• **PROBLEM STATEMENT**:
Return all of the entries exactly, but do not include the pictures.

• **DATASET**:
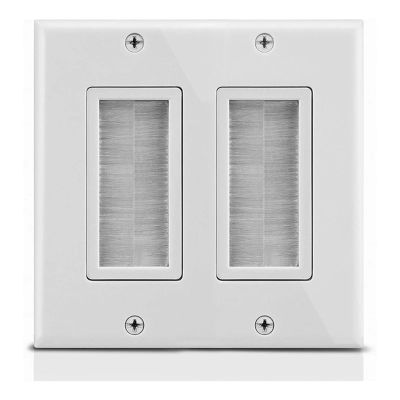 4pcs In Wall Cable Management Kit 2-Gang Wall Plate, Brush Style Opening Passthrough Low Voltage Cable Plate In-Wall Installation for Speaker Wires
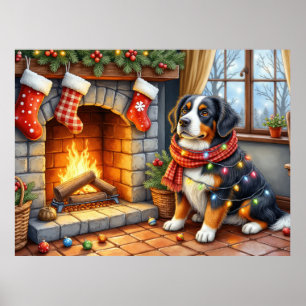 Berner Sennenhond Haard met Kerstverlichting Poster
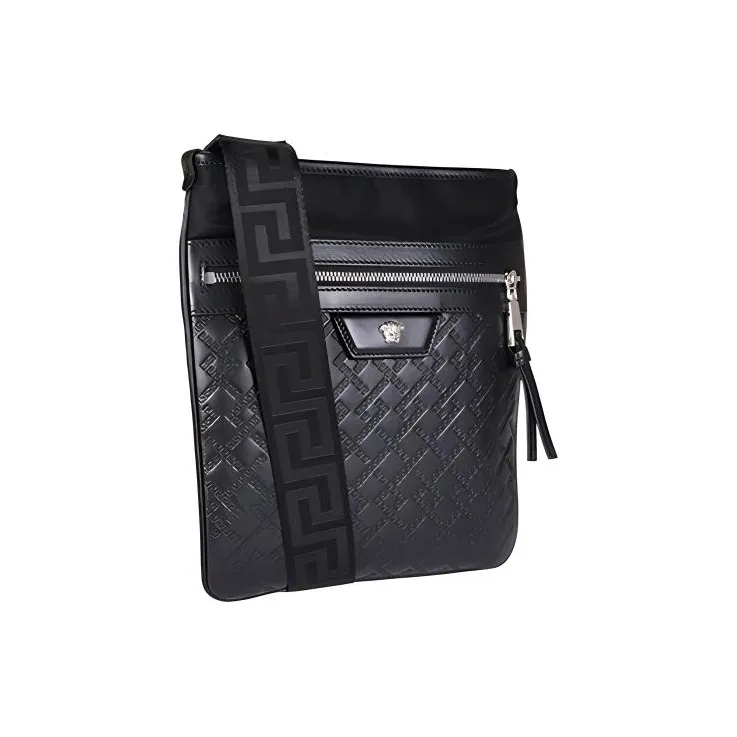 VERSACE Cow Leather Messenger Bag Crossbody Bags Men's Black-2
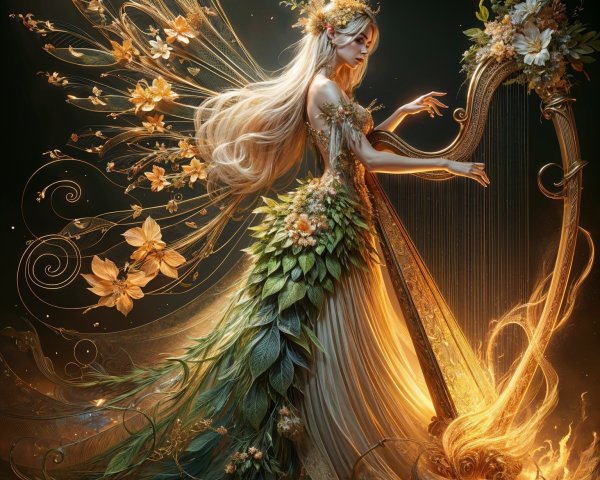 Mystical Figure in Leafy Gown Playing Harp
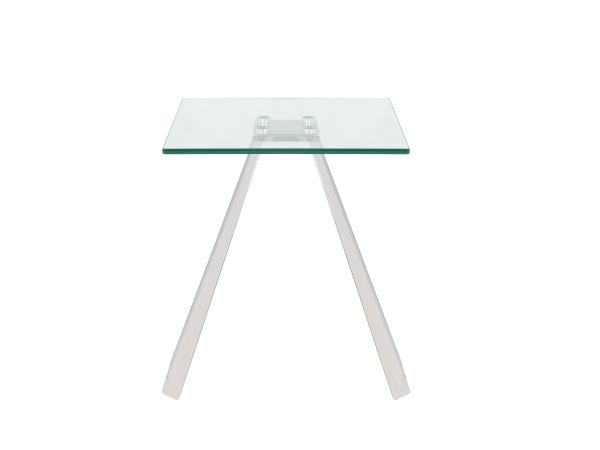 Chintaly Imports Dominique Contemporary 20" Glass Lamp Table w/ Flare Pyramid Base in Polished Stainless Steel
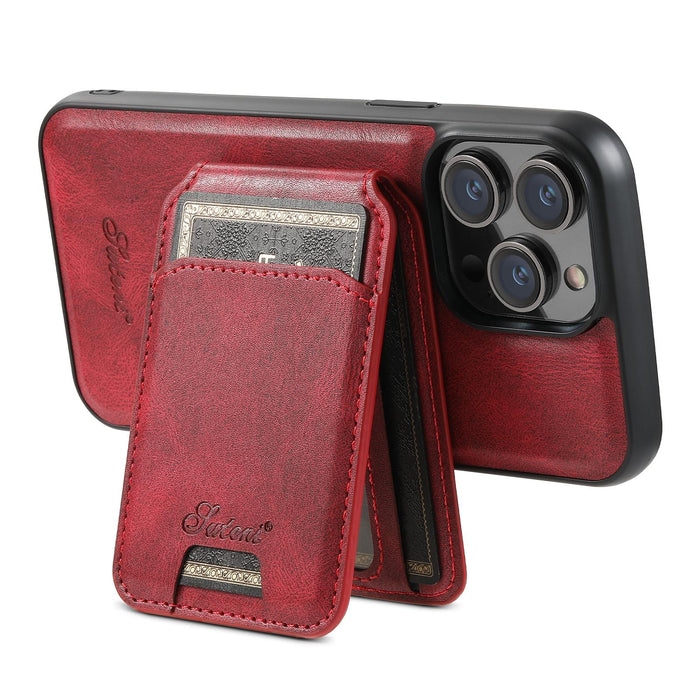 For Iphone 15 Magsafe Oil Eax Leather Detachable Wallet Back Phone Case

• **WRITTEN ANSWER**:
 4pcs In Wall Cable Management Kit 2-Gang Wall Plate, Brush Style Opening Passthrough Low Voltage Cable Plate In-Wall Installation for Speaker Wires
 Berner Sennenhond Haard met Kerstverlichting Poster
 VERSACE Cow Leather Messenger Bag Crossbody Bags Men's Black-2
 Mystical Figure in Leafy Gown Playing Harp
 Chintaly Imports Dominique Contemporary 20" Glass Lamp Table w/ Flare Pyramid Base in Polished Stainless Steel
 For Iphone 15 Magsafe Oil Eax Leather Detachable Wallet Back Phone Case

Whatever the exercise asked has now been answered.